KNARR lands with fish experience

September 22, 2017

Russia's need for fishing fleet renewal could generate orders for 150 new vessels over the next 10-15 years delegates at NEVA 2017 have been told, but realising that potential may need a readiness to marry localised shipbuilding and experience from others who have faced similar imperatives.

This was the message brought to the St Petersburg this week by KNARR Maritime, a consortium of Icelandic firms expert in the fishing vessel industry, launched internationally in April this year but already responsible as a group for upgrading the Icelandic fishing fleet.

The six Icelandic companies involved include renowned trawler naval architect Skipataekni, marine equipment specialist Nautic and wheelhouse maker Brimrún, but also world-recognised fishing plant expert Skaginn 3X. Skaginn 3X already has land-based fishing plant renovation projects under way in Russia.

"We have the technology and knowhow to supply customers with turnkey fishing vessel solutions, so that shipyards can build a fully-designed fishing vessel based on advanced 3D modelling; but what is new is that we are building a vessel around the floating factory,” said Haraldur Árnason, Managing Director of KNARR.

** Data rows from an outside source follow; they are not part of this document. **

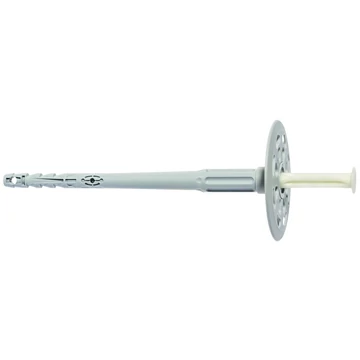 FISCHER Termoz PN 8/190 beütődübel (szigetelésrögzítő) (506329)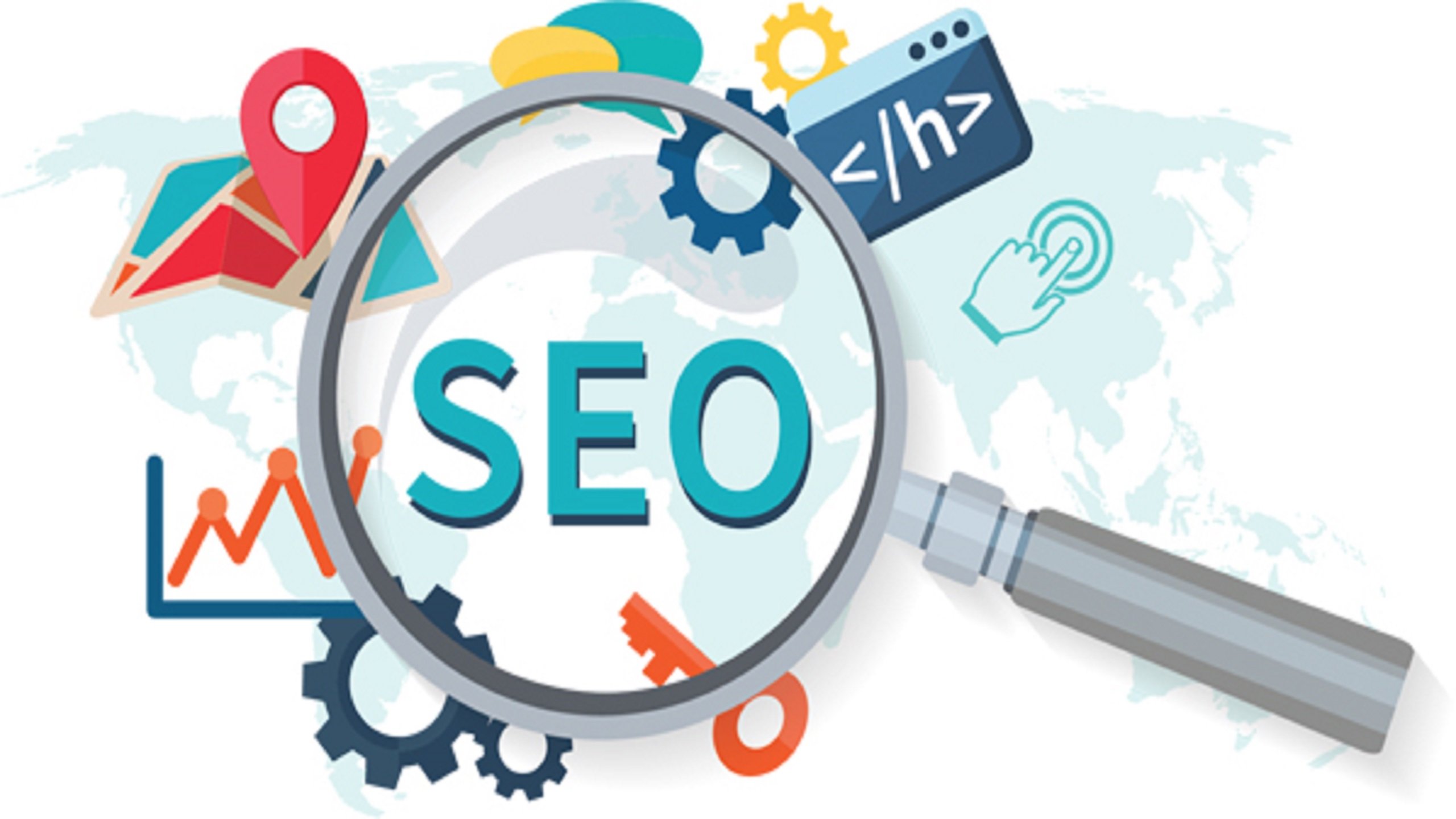 Effective Best SEO Audit Services: define your objectives and measures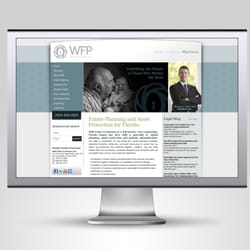 WFP Law - Visit our website at www.wfplaw.com.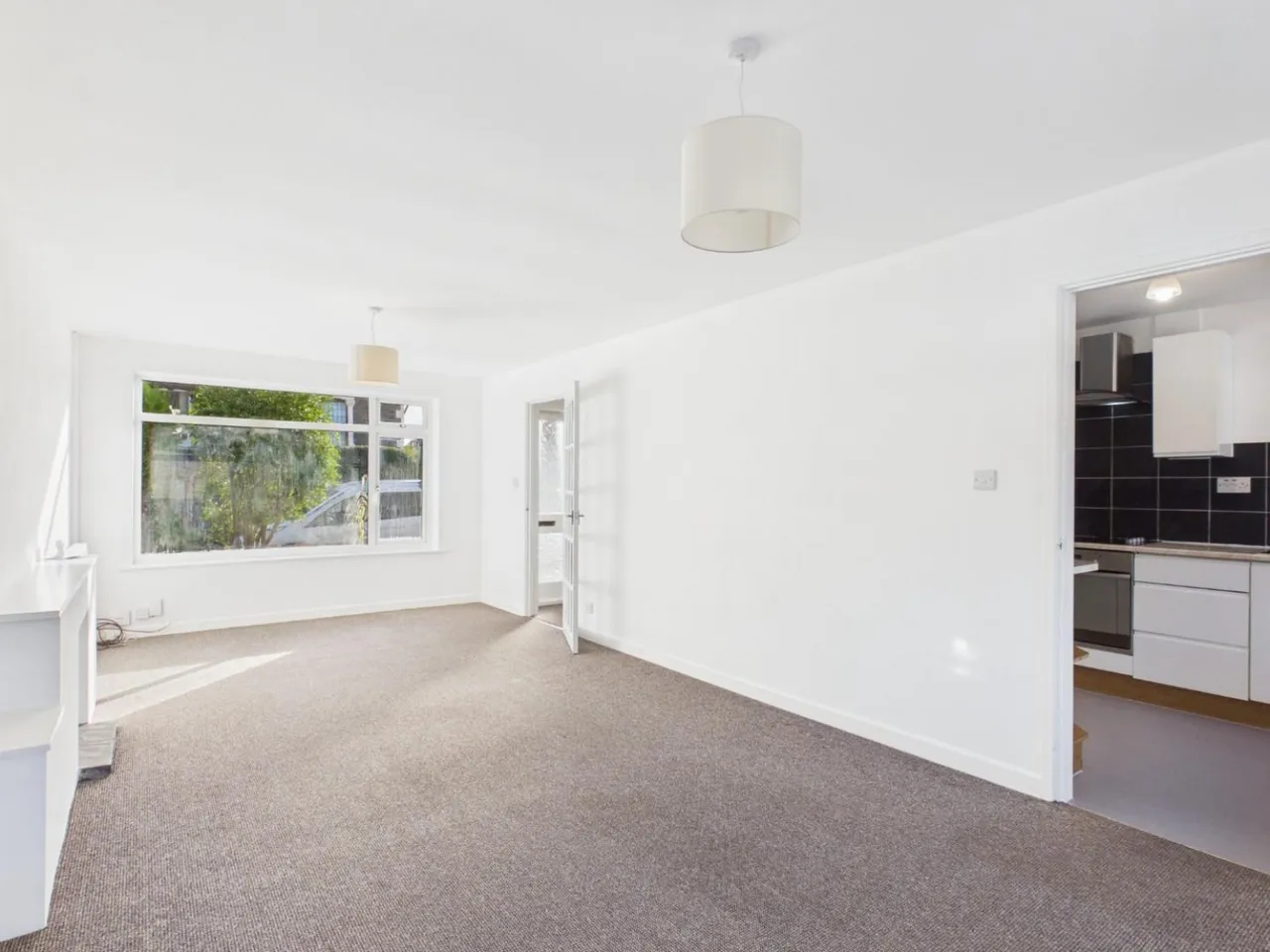 Lower Station Road, Staple Hill, BS16, photo 3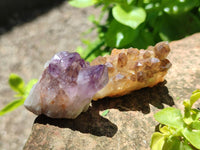 Natural Mix of Multi Mineral Specimens x 38 From Southern Africa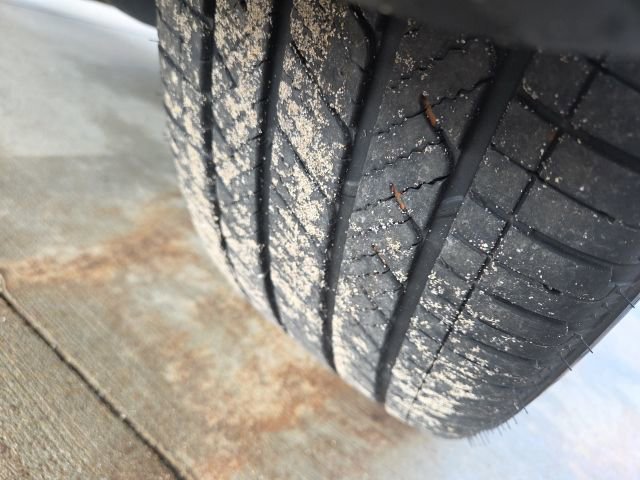 Used 2023 Nissan Pathfinder SL image 73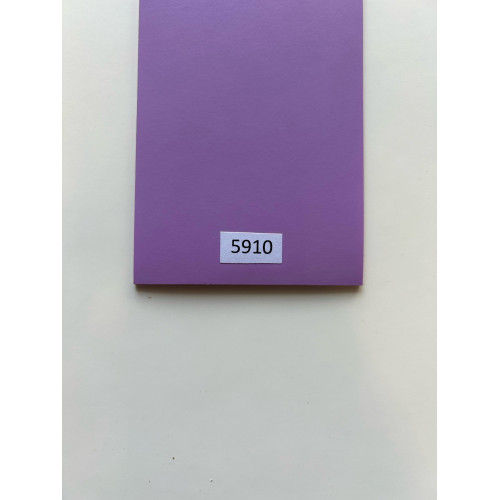 Сценический линолеум Grabo Unifloor 030I 2 мм 5910 Сценический линолеум Grabo Unifloor 030I 2 мм 5910
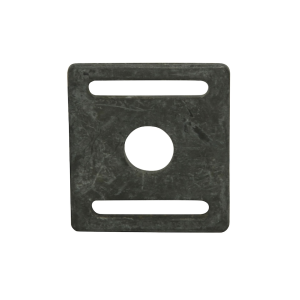 Benelli Super Black Eagle II, M1, M2, SuperNova Stock Sling Mount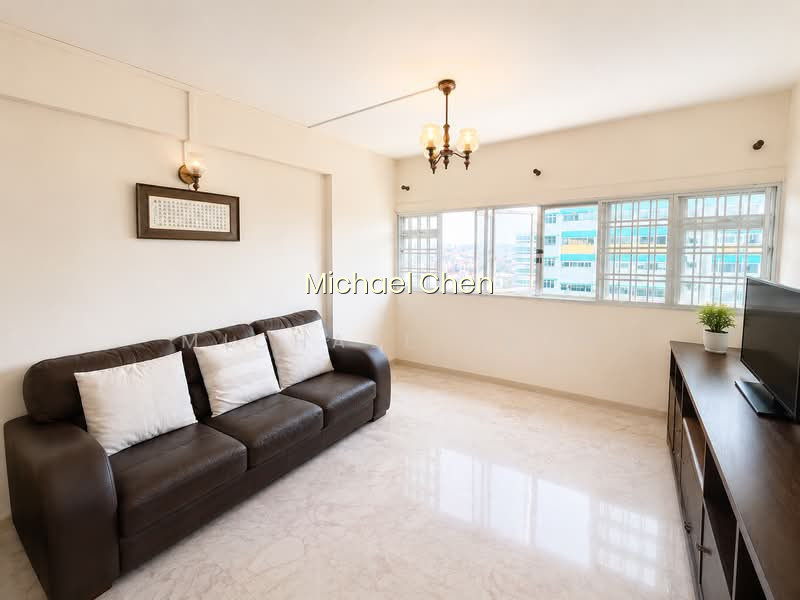 29 MARINE CRESCENT photo 3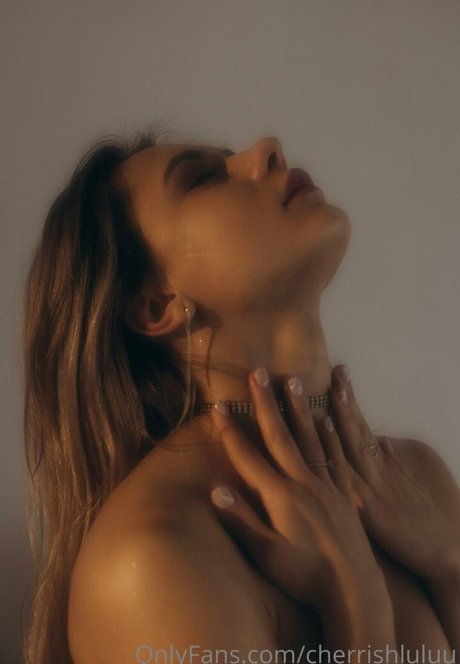 Sojourncouple pornstar hot pictures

“Our design features a bow section which improves stability but also widens the factory space onboard further forward. The factory’s interior also has suspended rather than supporting beams, which increases clearance significantly for improved lay-out. There’s also a high degree of automation included; for example, the bin-handling between the production deck and the refrigerated holds is an entirely robotised operation.”

Árnason said that the KNARR grouping had delivered design packages for three Icelandic owners to Turkey's Celektrans Shipyard (three ships) and Cemre Shipyard (four). The vessels are around 60m in length and 14m across the beam.

"Based on our experience, we have a very good solution to address Russia's need to renew its fleet. Seven years ago, the Icelandic fleet was the oldest in Europe. There was a need to renew but the old vessels were still making money; this is the case in Russia today, so our case is that even though new vessels are expensive, they pay back quickly.

“Our message at NEVA this week has been that new fishing vessels save substantial amounts on fuel and maintenance, while their automated processes are far more efficient; the quality of the fish they deliver is better and commands higher prices, while newer sub-chilling techniques extend viable delivery by 6-7 days. Furthermore, working conditions for crew are much better, which means less fatigue and more efficiency.”